南が丘動物通信

ネコの糖尿病 10年08月17日

ネコの糖尿病の発生には、年齢、体重、性別、遺伝的素因、基礎疾患、その他多くの要因が関与していると考えられていますが、これらの要因がインスリンの感受性を低下させて高血糖を生み出し、持続的な高血糖がインスリン分泌細胞の機能不全を招くことによってインスリン不足になり、さらなる高血糖を生み出すという病態をとります。つまり、中年齢以上の雄に発生が多く、肥満は糖尿病の発生率を3~5倍にすると考えられています。また、食事もネコの糖尿病の発生要因と考えられており、炭水化物を多量に含む食事はインスリン感受性を低下させるために糖尿病発症のリスクを高めると考えられています。さらにネコの糖尿病は、慢性膵炎や腎不全、甲状腺機能亢進症、副腎皮質機能亢進症など他の疾患から二次的に起こる「二次性糖尿病」の発生も少なくありません。
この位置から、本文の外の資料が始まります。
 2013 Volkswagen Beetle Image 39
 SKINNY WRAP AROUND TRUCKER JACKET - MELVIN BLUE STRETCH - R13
糖尿病の初期では、飲水量が増える、尿量が増える、食欲が増す、痩せてくる、毛づやがなくなる、などの症状が認められます。さらに進行すると糖尿病性ケトアシドーシスという状態になり、元気がなくなる、食欲がなくなる、嘔吐するなどの症状が発現します。
診断は、症状、血液検査による高血糖、尿糖の確認によって行われます。
治療は、インスリンの注射が必要となる場合が多いです。一部では食餌変更、経口血糖降下剤、併発疾患の治療によってインスリンを使わずに維持できる場合もあります。
糖尿病は、初期の段階で発見することが難しく、状態が悪くなってから病院に連れてこられる場合が多い疾患です。普段からこまめに体重のチェックをしたり、水を飲む量や尿量に気を配ったりする事が早期発見に繋がると思われます。